Plot Details: This opinion reveals major details about the movie's plot.
Captain's Log: Stardate 4523.3
While on routine patrol in Federation space, the Enterprise received a Priority One distress call - the Federation's communications protocol for near- or total disaster - from Deep Space Station K-7, which is located near the strategically important world known as Sherman's Planet. Claimed by both the Federation and the Klingon Empire, this otherwise insignificant planet has a small settlement dependent on food shipments - basically grain - from outside. Because the Organian Peace Treaty stipulates that the planet belongs to the government that can best populate it using peaceful means, it is imperative that the Enterprise investigate the nature of the distress call....
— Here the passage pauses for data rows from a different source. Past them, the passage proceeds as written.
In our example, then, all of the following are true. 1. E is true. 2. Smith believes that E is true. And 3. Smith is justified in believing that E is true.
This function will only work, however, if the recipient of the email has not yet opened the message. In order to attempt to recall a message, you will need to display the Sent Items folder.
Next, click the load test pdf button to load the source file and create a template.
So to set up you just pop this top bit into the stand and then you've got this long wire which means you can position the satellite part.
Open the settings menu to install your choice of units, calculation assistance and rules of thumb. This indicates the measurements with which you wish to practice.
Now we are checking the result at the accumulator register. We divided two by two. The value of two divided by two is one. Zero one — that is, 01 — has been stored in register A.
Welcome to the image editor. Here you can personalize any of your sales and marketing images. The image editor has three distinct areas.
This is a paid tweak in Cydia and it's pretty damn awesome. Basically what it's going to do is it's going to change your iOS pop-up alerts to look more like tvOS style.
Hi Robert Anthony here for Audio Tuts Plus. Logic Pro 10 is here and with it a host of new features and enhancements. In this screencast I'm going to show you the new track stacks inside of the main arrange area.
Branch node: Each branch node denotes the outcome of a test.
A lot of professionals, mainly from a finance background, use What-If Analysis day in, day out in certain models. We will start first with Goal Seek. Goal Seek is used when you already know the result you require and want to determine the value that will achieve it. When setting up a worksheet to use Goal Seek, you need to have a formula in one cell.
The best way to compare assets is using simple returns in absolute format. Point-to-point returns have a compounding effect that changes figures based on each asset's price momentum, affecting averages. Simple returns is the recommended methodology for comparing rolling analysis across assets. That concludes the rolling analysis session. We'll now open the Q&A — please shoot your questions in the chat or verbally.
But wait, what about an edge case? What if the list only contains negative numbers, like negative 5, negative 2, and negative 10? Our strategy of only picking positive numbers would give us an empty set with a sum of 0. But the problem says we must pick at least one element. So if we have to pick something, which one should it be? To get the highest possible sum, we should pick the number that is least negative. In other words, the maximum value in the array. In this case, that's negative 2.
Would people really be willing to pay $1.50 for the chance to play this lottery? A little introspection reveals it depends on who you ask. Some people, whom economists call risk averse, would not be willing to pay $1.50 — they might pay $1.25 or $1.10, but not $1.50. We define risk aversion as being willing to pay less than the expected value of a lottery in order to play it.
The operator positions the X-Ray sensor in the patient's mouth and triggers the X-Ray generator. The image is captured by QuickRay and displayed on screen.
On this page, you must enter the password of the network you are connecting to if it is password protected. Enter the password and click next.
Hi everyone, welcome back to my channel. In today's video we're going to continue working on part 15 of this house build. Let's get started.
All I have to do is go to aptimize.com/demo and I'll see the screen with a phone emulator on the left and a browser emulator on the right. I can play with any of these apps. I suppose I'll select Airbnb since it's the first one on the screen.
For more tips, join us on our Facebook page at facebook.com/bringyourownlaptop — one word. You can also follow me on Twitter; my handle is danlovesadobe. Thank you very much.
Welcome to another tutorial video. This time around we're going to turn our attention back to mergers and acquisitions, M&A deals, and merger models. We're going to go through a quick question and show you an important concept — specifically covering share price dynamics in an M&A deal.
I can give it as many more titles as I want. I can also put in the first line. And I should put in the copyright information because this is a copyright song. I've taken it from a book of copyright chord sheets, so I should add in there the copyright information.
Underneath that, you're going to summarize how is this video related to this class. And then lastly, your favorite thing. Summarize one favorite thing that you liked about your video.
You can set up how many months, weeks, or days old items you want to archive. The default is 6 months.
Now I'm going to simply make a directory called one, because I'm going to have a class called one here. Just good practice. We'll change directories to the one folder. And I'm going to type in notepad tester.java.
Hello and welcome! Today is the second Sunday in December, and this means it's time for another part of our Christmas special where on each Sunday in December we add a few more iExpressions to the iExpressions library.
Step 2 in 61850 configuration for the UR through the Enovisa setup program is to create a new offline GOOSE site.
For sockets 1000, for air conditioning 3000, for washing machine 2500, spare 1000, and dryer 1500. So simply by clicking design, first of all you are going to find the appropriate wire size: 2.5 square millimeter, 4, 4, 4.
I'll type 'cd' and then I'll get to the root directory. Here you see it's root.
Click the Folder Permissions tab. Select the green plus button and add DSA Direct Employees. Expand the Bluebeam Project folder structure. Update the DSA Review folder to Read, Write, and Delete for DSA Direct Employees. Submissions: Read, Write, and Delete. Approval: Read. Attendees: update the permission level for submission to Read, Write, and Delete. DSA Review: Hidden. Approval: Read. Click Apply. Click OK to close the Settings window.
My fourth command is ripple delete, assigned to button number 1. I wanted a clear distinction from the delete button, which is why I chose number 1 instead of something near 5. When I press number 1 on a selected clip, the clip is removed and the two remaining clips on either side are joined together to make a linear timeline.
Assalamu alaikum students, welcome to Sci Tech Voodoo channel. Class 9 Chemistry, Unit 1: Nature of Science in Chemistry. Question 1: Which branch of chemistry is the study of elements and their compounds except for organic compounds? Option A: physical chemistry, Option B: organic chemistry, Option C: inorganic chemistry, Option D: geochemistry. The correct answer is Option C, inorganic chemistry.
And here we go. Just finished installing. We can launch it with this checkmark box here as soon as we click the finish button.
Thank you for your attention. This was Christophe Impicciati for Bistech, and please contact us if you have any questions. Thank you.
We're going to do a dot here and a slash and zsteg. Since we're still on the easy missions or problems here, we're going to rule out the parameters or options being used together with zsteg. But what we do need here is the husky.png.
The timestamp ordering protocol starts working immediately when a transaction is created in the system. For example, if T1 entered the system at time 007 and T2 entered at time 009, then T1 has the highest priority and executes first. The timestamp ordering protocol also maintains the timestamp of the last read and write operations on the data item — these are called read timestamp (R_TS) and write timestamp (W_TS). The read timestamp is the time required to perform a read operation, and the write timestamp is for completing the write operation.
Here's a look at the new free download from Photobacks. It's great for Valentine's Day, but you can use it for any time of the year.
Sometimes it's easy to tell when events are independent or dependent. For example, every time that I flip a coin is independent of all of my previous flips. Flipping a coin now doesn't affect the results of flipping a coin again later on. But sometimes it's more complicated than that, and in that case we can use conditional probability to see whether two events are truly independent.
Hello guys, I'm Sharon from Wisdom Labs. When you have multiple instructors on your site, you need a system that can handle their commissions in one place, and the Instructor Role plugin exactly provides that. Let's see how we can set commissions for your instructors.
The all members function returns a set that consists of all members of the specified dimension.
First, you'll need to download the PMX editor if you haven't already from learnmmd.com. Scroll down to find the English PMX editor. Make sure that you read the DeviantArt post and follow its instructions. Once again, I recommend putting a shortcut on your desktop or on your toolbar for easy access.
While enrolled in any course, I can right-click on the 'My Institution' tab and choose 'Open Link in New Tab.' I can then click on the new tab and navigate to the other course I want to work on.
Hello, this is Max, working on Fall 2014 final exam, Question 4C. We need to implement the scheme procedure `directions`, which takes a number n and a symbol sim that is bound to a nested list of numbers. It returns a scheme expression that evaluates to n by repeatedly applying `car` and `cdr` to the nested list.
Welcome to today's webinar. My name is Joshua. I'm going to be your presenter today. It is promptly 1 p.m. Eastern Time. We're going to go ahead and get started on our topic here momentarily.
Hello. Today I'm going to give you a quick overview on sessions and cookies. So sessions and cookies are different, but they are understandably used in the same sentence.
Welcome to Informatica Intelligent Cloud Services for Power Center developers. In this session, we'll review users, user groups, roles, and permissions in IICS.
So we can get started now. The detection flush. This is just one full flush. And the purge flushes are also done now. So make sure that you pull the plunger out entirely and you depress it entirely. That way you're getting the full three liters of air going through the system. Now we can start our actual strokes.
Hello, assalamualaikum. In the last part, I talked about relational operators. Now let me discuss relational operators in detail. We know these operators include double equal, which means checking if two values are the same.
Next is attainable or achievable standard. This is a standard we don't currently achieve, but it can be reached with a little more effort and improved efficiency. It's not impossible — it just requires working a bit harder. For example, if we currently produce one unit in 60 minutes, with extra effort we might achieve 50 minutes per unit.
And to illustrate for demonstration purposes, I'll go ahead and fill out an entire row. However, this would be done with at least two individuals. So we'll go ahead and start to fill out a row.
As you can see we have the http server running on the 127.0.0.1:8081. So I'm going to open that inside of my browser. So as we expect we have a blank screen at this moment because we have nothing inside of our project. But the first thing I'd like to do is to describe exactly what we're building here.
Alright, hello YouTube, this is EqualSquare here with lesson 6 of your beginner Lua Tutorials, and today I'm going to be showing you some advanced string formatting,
Star Trek, as originally conceived by series creator Gene Roddenberry, was intended to be an action-adventure show that used its 23rd Century sci-fi setting as a way to sneak serious ideas past the NBC TV network's Standards and Practices department and get people to think about such issues as racism, prejudice, war, peace, and sexual equality at a time when television tended to play it safe and aired entertaining but fluffy sitcoms such as Bewitched, I Dream of Jeannie, Green Acres, Petticoat Junction, Hogan's Heroes, and the short-lived My Mother the Car. If Roddenberry wanted to comment about the Vietnam War, say, the writing staff would come up with "A Private Little War." If he wanted to show how insane Mutual Assured Destruction policies vis a vis the U.S. and the Soviet Union were, he'd present episodes such as "Miri" and "A Taste of Armageddon." To highlight the ultimate irrationality of racial hatred, Star Trek's writers would come up with "Let That Be Your Last Battlefield."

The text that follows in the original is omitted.